Reordering Algorithms

GraphBrew implements 17 algorithm IDs (-o 0 through -o 16). Two are baselines (no useful reordering), one is a runtime selector (AdaptiveOrder, research-only), one loads a precomputed permutation from disk (MAP). The remaining 13 produce orderings you can benchmark.

Why reorder

Power-law and clustered graphs have neighbour-access patterns that miss in cache when vertices are placed randomly. Renumbering vertices so that frequently co-accessed ones land on nearby cache lines turns unpredictable misses into hits.
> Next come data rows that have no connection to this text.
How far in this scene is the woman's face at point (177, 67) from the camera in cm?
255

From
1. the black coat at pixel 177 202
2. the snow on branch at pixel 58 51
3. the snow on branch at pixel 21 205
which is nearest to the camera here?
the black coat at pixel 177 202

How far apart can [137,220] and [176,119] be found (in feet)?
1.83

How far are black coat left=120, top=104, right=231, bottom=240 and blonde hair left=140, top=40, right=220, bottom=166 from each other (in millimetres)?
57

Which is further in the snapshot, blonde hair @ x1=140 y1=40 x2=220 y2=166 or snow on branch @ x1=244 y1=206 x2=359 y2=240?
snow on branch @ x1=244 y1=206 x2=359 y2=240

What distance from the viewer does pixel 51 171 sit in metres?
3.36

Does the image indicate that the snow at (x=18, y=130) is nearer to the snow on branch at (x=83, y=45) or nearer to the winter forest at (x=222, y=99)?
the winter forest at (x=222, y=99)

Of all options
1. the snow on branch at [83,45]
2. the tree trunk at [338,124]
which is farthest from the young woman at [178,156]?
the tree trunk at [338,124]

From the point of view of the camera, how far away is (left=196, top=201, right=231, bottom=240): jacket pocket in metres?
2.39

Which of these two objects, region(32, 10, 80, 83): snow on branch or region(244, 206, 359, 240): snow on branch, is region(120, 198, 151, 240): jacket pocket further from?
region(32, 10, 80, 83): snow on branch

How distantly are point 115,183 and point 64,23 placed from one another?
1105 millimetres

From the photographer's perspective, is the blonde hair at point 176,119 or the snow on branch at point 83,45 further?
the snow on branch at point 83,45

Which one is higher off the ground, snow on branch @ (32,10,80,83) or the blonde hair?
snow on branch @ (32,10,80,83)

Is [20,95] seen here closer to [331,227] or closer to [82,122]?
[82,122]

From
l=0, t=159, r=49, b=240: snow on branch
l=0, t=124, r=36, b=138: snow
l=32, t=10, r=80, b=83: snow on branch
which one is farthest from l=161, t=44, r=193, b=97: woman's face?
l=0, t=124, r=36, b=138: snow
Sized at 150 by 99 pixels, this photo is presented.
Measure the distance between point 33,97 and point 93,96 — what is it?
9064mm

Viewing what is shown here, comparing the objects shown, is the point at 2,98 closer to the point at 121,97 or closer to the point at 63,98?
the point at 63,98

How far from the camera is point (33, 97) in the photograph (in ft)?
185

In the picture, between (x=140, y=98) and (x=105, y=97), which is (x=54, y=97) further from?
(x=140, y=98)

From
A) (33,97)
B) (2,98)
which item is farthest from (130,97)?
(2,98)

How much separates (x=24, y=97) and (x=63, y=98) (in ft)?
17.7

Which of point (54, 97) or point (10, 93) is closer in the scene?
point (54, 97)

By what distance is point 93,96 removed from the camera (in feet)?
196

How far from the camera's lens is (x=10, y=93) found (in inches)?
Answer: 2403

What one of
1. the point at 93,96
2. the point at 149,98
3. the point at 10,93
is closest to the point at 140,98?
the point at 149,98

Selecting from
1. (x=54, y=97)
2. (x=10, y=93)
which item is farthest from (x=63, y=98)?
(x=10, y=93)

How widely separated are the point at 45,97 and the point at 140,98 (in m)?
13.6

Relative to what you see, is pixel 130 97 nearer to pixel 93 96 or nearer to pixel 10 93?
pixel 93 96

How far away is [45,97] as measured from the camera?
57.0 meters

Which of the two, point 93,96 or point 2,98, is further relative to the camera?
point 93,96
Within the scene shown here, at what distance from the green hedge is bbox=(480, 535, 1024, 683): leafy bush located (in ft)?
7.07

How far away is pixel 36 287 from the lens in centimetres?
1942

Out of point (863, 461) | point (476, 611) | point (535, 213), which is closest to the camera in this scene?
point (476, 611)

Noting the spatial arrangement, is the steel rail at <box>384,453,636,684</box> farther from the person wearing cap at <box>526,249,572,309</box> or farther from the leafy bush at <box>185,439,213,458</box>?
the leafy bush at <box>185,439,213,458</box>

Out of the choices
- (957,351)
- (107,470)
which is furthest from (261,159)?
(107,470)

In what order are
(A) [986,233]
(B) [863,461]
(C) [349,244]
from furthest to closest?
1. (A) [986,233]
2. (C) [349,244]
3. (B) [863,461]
Reordering does not change the graph's topology — only the integer labels.

Three orthogonal locality dimensions matter:

Dimension	Captured by	Example algorithms
Spatial (community structure)	Leiden, Rabbit Order	`12:leiden`, `12:rabbit`, RABBIT (8)
Temporal (degree skew)	hub grouping	HUBCLUSTER (4), DBG (5)
Convergence (forward-edge fraction)	edge-direction optimisation	GoGraph (16), chained `12:leiden → 16`

GraphBrew (-o 12) is the framework that composes these dimensions; the other IDs are individual primitives or baselines.

Quick reference

ID	Flag	Algorithm	Complexity	Notes
0	`-o 0`	ORIGINAL	O(1)	input ordering, baseline
1	`-o 1`	RANDOM	O(n)	random permutation, worst-case baseline
2	`-o 2`	SORT	O(n log n)	degree-descending sort
3	`-o 3`	HUBSORT	O(n log n)	hubs first (full degree sort)
4	`-o 4`	HUBCLUSTER	O(n)	hubs first, non-hubs keep original order
5	`-o 5`	DBG	O(n)	logarithmic degree buckets
6	`-o 6`	HUBSORTDBG	O(n log n)	DBG buckets + degree sort within
7	`-o 7`	HUBCLUSTERDBG	O(n)	DBG buckets + hub-cluster within
8	`-o 8`	RABBITORDER	O(n log n + m)	Louvain + dendrogram DFS; variants `csr` (default), `boost`
9	`-o 9`	GORDER	O(n·w + m)	sliding-window greedy, w=5; high cache quality, slow reorder
10	`-o 10`	CORDER	O(n log n)	cache-aware bandwidth reduction
11	`-o 11`	RCM	O(n log n + m)	Reverse Cuthill–McKee; variants `default`, `bnf`
12	`-o 12`	GraphBrewOrder	O(n log n + m)	composable pipeline — see GraphBrewOrder
13	`-o 13:<file>`	MAP	O(n)	load permutation from `.lo` / `.so` file
14	`-o 14`	AdaptiveOrder	varies	ML selector; research-only, see AdaptiveOrder-ML
15	`-o 15`	LeidenOrder	O(n log n + m)	native GVE-Leiden, no post-ordering layer
16	`-o 16`	GoGraphOrder	O(m log d + n log n)	maximises forward-edge fraction

When to use what

Workload	First try	Why
Power-law social graph + PR	`12:hrab` or `12:leiden`	best cache quality on community-strong graphs
Mesh / road network	`12:rcm` or `11:bnf`	RCM reduces bandwidth on sparse near-planar graphs
Iterative PR / SpMV with many trials	`12:hrab`, `12:leiden`	high quality amortises preprocessing cost
Single-pass BFS / SSSP from one source	HUBCLUSTERDBG (7) or `12:rabbit`	cheap reorder, hub-cached frontier
Dynamic / frequently-updated graph	`12:streaming` or RABBITORDER (8)	low memory + low reorder time
Quick experimentation, any graph	HUBCLUSTERDBG (7)	O(n), often within 10% of the best
Comparing against Gorder	GORDER (9)	the heavyweight cache-quality baseline

Algorithm details

Baselines (0, 1)

ORIGINAL (-o 0) keeps the input ordering. Always run this first to know what you're improving over.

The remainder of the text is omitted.